It lies parallel to the traditional library community but with a greater emphasis on information technology and greater collaboration between consortia, academic ventures, and practicing brute force versus finesse in seeing the means of delivery reach different communities with needs for new standards of relevance. Heath summarized this enterprise as one that expands the ecological niche of information by becoming a campus resource instead of only a library utility, it addresses issues of acquisition, archiving and preservation of information elements, and as a digital library advances the inquiry from traditional content to a merging of enhanced access.

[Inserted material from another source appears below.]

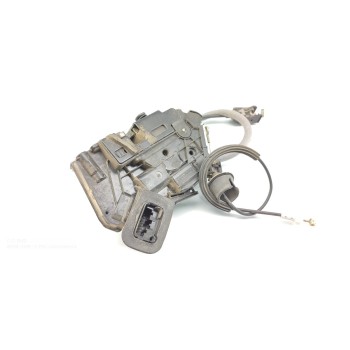 Recambio de cerradura puerta delantera derecha para seat leon (5f1) style referencia OEM IAM 5K1837016E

Karen Hunter, Senior Vice-President of Elsevier Science Publishers, wrapped up the conference by exploring what impacts there would be if a publisher such as Elsevier would "Go Electronic Only." She shared the decision making a major player like Elsevier has made, as it undergoes transition to a more electronic model, by recapping the outcome of an international survey she conducted of its customers to determine at what stages libraries were in accepting only electronic releases. That still seems to be a way off, but different parts of the world are increasingly more receptive (for example, Australia and Sweden) and she predicts that, with more success in e-archiving occurring, reducing the problems of taxation and government funding, we will see wider acceptance of e-only. However, Elsevier will continue to develop the editorial, production, marketing and administrative structures required in publishing to make the transition easier.

All nine presentations were thoughtful and exciting and offered lots to ponder. Few, if any answers or solutions were offered but the direction we will continue to see is that the digital age will continue to challenge library collections and encourage new methods of cooperation and collaboration in the academic library environment to achieve these goals.